Former Gillingham FC media man Nick Bull reacts to Adrian Pennock’s departure, and reflects on the former terrace hero’s disappointing stint in charge at Priestfield



Credit: Kent Pro Images
Kent Pro Images

So, farewell then, Ady Pennock. His departure from Gillingham on Monday morning is probably the most predictable and welcomed sacking that I can remember in my 22 years following the club.

Some will say he shouldn’t have been offered to stay on in the role this summer. Others weren’t enthused from day one. But the last nine months will go down in history as being among the worst in living memory, combined with a period that tarnished a popular ex-player’s reputation. Few, if any, will mourn the loss of a manager who won five times in 30 league games.

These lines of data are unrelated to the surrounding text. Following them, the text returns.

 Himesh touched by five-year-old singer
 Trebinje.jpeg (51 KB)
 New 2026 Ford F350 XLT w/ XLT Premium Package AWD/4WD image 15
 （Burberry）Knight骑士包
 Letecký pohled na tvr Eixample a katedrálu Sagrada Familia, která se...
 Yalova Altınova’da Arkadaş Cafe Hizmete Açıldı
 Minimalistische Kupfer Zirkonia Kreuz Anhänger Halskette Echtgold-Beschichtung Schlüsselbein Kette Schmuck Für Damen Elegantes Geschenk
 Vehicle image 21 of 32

Not only did I want things to work out for him (who didn’t to begin with?), I genuinely thought they would for a good few months. The improvements of his first four weeks in charge – notably the battling, organised performances at Champions-elect Sheffield United and beaten play-off finalists Bradford City – suggested a relegation battle was unlikely going into mid-February. How things changed.

As soon as Justin Edinburgh was sacked on 3 January, it was apparent that Pennock would be taking charge. Rumours around the club hinted that Ian Hendon could be coming on board as a joint manager, which didn’t particularly enthuse the fan in me.

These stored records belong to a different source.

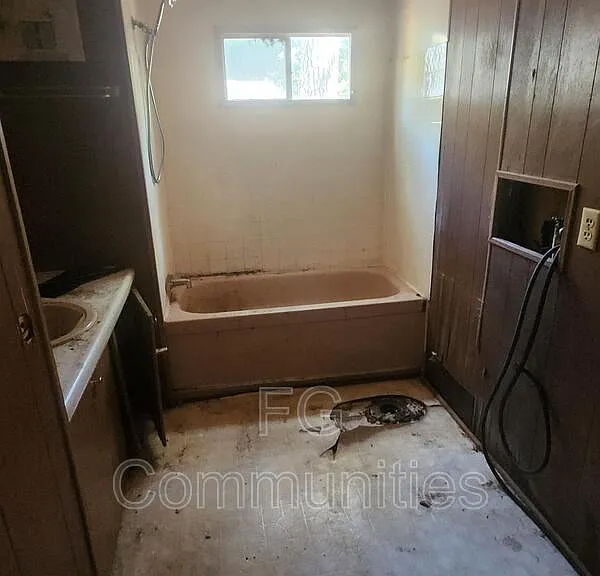 500 E 11th St #7 — Photo 7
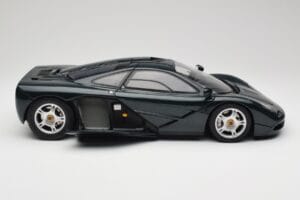 McLaren F1 Dark Green Metallic Minichamps 1:12 530133127 Metal - imagen 4 de 9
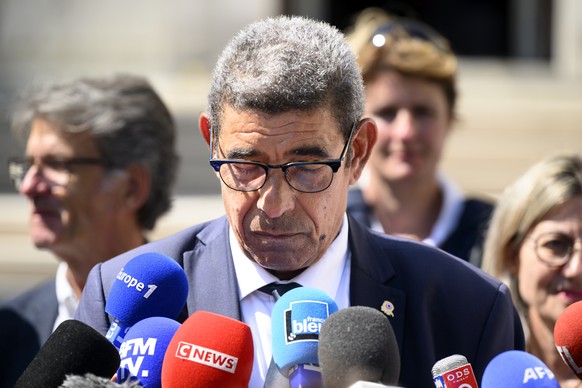 epa10679803 Annecy Mayor Francois Astorg speaks to the press after a knife attack in Annecy, France, 08 June 2023. The Prefecture of Haute-Savoie confirmed on 08 June that a man had carried out an att ...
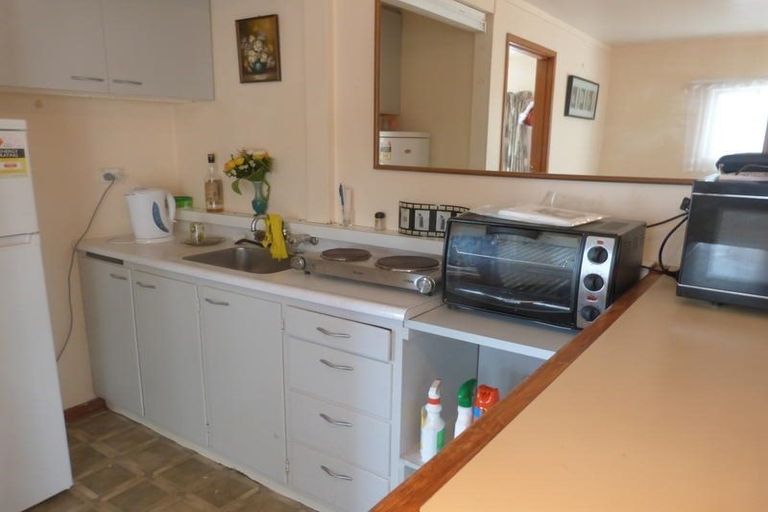 Photo of property in 1a/1 Divich Avenue, Te Atatu South, Auckland, 0610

At the start I liked his approach; Pennock and his coaching team were working from 7:30am until 5:00pm on their first official day. Watching clips from recent games was their main task; in-depth preparation and evaluation were particularly lacking under the previous regime, I felt. “We train as we play” was a common slogan at Beechings Cross, too.

Pennock put in the hours, but the results didn’t materialise on the pitch

However, the first problem came during his official unveiling press conference, with the suggestion that the club could challenge for the play-offs. I’m not sure Ady particularly believed that, but what else could he have said? “Yeah, 18th will be a result for us come April” wouldn’t have washed – let’s not forget Edinburgh’s “overachieving” lines in his final press conference were undoubtedly the final nail in his coffin. If fans weren’t enthused with his appointment as it was – the reaction across the club’s social media channels was notably downbeat – then Pennock predicting a difficult few months would have jilted even more supporters.

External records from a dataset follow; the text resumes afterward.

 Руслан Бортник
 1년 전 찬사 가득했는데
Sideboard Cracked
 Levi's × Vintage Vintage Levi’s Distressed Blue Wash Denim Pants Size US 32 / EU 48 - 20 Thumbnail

The extent of the problems quickly became clear to him. Some of the wages players were on wouldn’t have been out of place in the Championship. The squad was midfield heavy. Fitness levels were below the required standard. Too few of the players were natural leaders, apparently, too.

The first would have been difficult to solve quickly, especially as QPR were never keen on taking Jay Emmanuel-Thomas back (it’s interesting to note that he doesn’t even have a squad number at Loftus Road this season). Strengthening in defence and forward positions needed either a budget (virtually all spent) and/or cunning transfer activity. I felt he did fairly well in this area – just don’t mention Ollie Muldoon. A crash fitness course would get levels up a bit, but on-field leaders are gold dust. In hindsight, it’s not hard to explain last season’s results.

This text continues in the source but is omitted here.